### Raw data

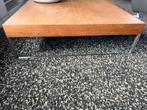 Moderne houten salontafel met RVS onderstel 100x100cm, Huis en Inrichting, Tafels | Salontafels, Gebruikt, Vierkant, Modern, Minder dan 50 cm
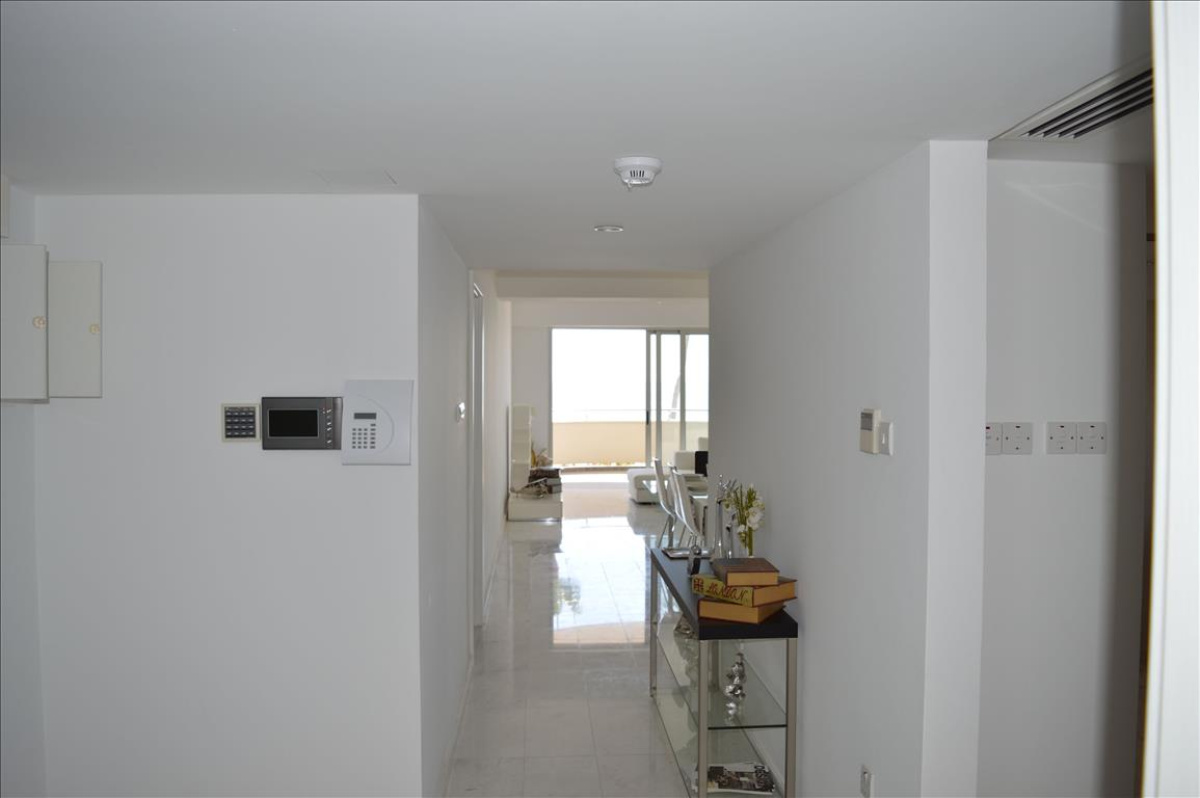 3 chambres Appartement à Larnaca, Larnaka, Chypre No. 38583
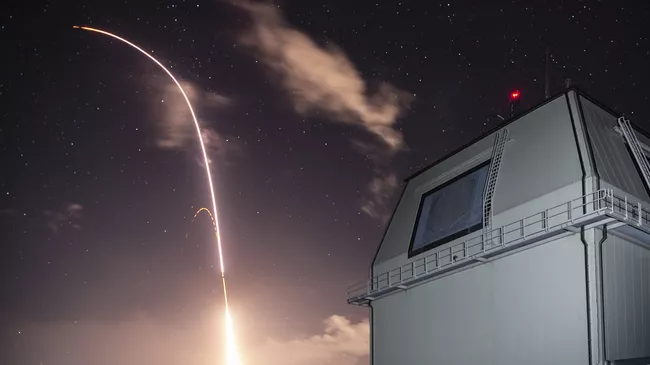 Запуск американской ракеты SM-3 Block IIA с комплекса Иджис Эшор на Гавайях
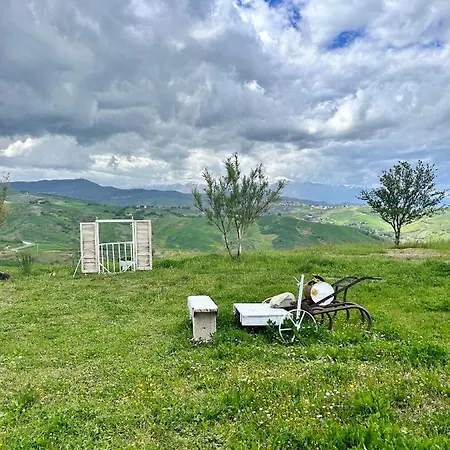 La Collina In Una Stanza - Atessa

### Problem to solve
The required output is the span of lines from the line with "3 chambres Appartement" through the final line of the listing above, reproduced exactly, minus the pictures.

### Exercise solution
 3 chambres Appartement à Larnaca, Larnaka, Chypre No. 38583
 Запуск американской ракеты SM-3 Block IIA с комплекса Иджис Эшор на Гавайях
 La Collina In Una Stanza - Atessa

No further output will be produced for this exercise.